[Free-text object descriptions]
____________

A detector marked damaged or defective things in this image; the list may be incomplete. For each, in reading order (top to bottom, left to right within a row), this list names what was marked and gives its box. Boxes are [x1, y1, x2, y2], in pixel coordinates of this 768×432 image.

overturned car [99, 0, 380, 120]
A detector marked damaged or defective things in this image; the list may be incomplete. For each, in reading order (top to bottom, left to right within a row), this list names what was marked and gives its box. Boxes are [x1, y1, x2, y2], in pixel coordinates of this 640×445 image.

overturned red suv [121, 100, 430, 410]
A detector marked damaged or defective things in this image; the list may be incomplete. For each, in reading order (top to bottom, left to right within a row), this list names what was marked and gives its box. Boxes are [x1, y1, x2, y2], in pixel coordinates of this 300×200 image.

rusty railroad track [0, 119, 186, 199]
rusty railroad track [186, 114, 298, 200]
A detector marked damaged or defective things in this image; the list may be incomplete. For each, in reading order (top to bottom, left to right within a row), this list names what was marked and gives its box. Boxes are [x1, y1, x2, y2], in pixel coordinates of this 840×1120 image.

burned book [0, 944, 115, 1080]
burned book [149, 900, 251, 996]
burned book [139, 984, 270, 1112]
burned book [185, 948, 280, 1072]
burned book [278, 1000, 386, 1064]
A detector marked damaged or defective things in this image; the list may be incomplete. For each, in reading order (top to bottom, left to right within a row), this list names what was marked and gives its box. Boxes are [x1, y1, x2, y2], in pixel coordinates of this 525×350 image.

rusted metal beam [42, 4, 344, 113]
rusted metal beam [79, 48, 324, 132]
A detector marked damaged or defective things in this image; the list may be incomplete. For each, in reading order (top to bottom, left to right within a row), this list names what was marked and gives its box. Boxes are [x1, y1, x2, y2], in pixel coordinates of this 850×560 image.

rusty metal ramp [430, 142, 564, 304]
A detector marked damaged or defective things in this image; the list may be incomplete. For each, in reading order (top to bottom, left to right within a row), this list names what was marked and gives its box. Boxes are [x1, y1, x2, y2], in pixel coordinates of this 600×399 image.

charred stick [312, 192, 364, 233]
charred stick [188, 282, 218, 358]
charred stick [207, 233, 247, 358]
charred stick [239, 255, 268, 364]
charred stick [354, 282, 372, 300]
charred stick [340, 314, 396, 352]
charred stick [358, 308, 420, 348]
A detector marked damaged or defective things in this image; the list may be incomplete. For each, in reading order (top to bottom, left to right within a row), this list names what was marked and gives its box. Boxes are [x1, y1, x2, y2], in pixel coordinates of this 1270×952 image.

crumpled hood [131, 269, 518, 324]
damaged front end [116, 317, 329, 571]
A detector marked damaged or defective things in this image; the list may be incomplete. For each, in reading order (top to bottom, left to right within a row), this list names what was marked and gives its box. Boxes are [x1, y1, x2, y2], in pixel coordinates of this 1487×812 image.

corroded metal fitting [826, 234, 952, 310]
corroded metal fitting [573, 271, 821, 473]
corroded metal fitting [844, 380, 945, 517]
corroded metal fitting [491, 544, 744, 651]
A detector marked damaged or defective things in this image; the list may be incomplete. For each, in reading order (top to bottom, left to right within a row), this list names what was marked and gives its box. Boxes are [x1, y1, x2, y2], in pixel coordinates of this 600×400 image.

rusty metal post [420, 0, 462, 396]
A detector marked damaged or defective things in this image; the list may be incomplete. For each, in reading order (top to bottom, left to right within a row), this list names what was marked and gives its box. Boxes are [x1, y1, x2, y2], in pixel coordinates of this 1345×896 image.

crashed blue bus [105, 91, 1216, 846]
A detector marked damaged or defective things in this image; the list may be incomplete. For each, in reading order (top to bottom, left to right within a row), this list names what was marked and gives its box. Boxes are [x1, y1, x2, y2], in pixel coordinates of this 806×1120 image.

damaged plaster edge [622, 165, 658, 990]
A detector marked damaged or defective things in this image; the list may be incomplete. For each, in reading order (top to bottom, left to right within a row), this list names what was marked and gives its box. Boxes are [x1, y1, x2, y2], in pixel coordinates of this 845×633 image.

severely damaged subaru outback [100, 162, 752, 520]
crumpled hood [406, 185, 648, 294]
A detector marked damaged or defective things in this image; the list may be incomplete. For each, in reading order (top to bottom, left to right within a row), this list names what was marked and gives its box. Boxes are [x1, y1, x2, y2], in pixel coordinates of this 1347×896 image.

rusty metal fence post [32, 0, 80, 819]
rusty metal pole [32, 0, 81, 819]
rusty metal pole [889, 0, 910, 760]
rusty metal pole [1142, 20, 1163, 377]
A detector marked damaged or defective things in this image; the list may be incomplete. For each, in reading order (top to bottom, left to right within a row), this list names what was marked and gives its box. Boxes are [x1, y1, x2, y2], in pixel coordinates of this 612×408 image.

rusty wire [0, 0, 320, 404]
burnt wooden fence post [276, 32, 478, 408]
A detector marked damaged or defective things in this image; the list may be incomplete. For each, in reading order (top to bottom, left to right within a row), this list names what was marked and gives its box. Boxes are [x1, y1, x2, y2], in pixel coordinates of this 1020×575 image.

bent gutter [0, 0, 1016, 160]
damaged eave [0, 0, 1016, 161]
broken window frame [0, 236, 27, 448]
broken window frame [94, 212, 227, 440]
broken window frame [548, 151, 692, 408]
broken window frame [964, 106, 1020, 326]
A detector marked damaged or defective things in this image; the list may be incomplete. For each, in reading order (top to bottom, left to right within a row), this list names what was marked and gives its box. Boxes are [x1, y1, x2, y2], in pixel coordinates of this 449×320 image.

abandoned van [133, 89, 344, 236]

____________

• Required action: Every record above should be output exactly.

• Output of the task:
A detector marked damaged or defective things in this image; the list may be incomplete. For each, in reading order (top to bottom, left to right within a row), this list names what was marked and gives its box. Boxes are [x1, y1, x2, y2], in pixel coordinates of this 768×432 image.

overturned car [99, 0, 380, 120]
A detector marked damaged or defective things in this image; the list may be incomplete. For each, in reading order (top to bottom, left to right within a row), this list names what was marked and gives its box. Boxes are [x1, y1, x2, y2], in pixel coordinates of this 640×445 image.

overturned red suv [121, 100, 430, 410]
A detector marked damaged or defective things in this image; the list may be incomplete. For each, in reading order (top to bottom, left to right within a row), this list names what was marked and gives its box. Boxes are [x1, y1, x2, y2], in pixel coordinates of this 300×200 image.

rusty railroad track [0, 119, 186, 199]
rusty railroad track [186, 114, 298, 200]
A detector marked damaged or defective things in this image; the list may be incomplete. For each, in reading order (top to bottom, left to right within a row), this list names what was marked and gives its box. Boxes are [x1, y1, x2, y2], in pixel coordinates of this 840×1120 image.

burned book [0, 944, 115, 1080]
burned book [149, 900, 251, 996]
burned book [139, 984, 270, 1112]
burned book [185, 948, 280, 1072]
burned book [278, 1000, 386, 1064]
A detector marked damaged or defective things in this image; the list may be incomplete. For each, in reading order (top to bottom, left to right within a row), this list names what was marked and gives its box. Boxes are [x1, y1, x2, y2], in pixel coordinates of this 525×350 image.

rusted metal beam [42, 4, 344, 113]
rusted metal beam [79, 48, 324, 132]
A detector marked damaged or defective things in this image; the list may be incomplete. For each, in reading order (top to bottom, left to right within a row), this list names what was marked and gives its box. Boxes are [x1, y1, x2, y2], in pixel coordinates of this 850×560 image.

rusty metal ramp [430, 142, 564, 304]
A detector marked damaged or defective things in this image; the list may be incomplete. For each, in reading order (top to bottom, left to right within a row), this list names what was marked and gives its box. Boxes are [x1, y1, x2, y2], in pixel coordinates of this 600×399 image.

charred stick [312, 192, 364, 233]
charred stick [188, 282, 218, 358]
charred stick [207, 233, 247, 358]
charred stick [239, 255, 268, 364]
charred stick [354, 282, 372, 300]
charred stick [340, 314, 396, 352]
charred stick [358, 308, 420, 348]
A detector marked damaged or defective things in this image; the list may be incomplete. For each, in reading order (top to bottom, left to right within a row), this list names what was marked and gives its box. Boxes are [x1, y1, x2, y2], in pixel coordinates of this 1270×952 image.

crumpled hood [131, 269, 518, 324]
damaged front end [116, 317, 329, 571]
A detector marked damaged or defective things in this image; the list may be incomplete. For each, in reading order (top to bottom, left to right within a row), this list names what was marked and gives its box. Boxes are [x1, y1, x2, y2], in pixel coordinates of this 1487×812 image.

corroded metal fitting [826, 234, 952, 310]
corroded metal fitting [573, 271, 821, 473]
corroded metal fitting [844, 380, 945, 517]
corroded metal fitting [491, 544, 744, 651]
A detector marked damaged or defective things in this image; the list may be incomplete. For each, in reading order (top to bottom, left to right within a row), this list names what was marked and gives its box. Boxes are [x1, y1, x2, y2], in pixel coordinates of this 600×400 image.

rusty metal post [420, 0, 462, 396]
A detector marked damaged or defective things in this image; the list may be incomplete. For each, in reading order (top to bottom, left to right within a row), this list names what was marked and gives its box. Boxes are [x1, y1, x2, y2], in pixel coordinates of this 1345×896 image.

crashed blue bus [105, 91, 1216, 846]
A detector marked damaged or defective things in this image; the list may be incomplete. For each, in reading order (top to bottom, left to right within a row), this list names what was marked and gives its box. Boxes are [x1, y1, x2, y2], in pixel coordinates of this 806×1120 image.

damaged plaster edge [622, 165, 658, 990]
A detector marked damaged or defective things in this image; the list may be incomplete. For each, in reading order (top to bottom, left to right within a row), this list names what was marked and gives its box. Boxes are [x1, y1, x2, y2], in pixel coordinates of this 845×633 image.

severely damaged subaru outback [100, 162, 752, 520]
crumpled hood [406, 185, 648, 294]
A detector marked damaged or defective things in this image; the list may be incomplete. For each, in reading order (top to bottom, left to right within a row), this list names what was marked and gives its box. Boxes are [x1, y1, x2, y2], in pixel coordinates of this 1347×896 image.

rusty metal fence post [32, 0, 80, 819]
rusty metal pole [32, 0, 81, 819]
rusty metal pole [889, 0, 910, 760]
rusty metal pole [1142, 20, 1163, 377]
A detector marked damaged or defective things in this image; the list may be incomplete. For each, in reading order (top to bottom, left to right within a row), this list names what was marked and gives its box. Boxes are [x1, y1, x2, y2], in pixel coordinates of this 612×408 image.

rusty wire [0, 0, 320, 404]
burnt wooden fence post [276, 32, 478, 408]
A detector marked damaged or defective things in this image; the list may be incomplete. For each, in reading order (top to bottom, left to right within a row), this list names what was marked and gives its box. Boxes are [x1, y1, x2, y2], in pixel coordinates of this 1020×575 image.

bent gutter [0, 0, 1016, 160]
damaged eave [0, 0, 1016, 161]
broken window frame [0, 236, 27, 448]
broken window frame [94, 212, 227, 440]
broken window frame [548, 151, 692, 408]
broken window frame [964, 106, 1020, 326]
A detector marked damaged or defective things in this image; the list may be incomplete. For each, in reading order (top to bottom, left to right within a row), this list names what was marked and gives its box. Boxes are [x1, y1, x2, y2], in pixel coordinates of this 449×320 image.

abandoned van [133, 89, 344, 236]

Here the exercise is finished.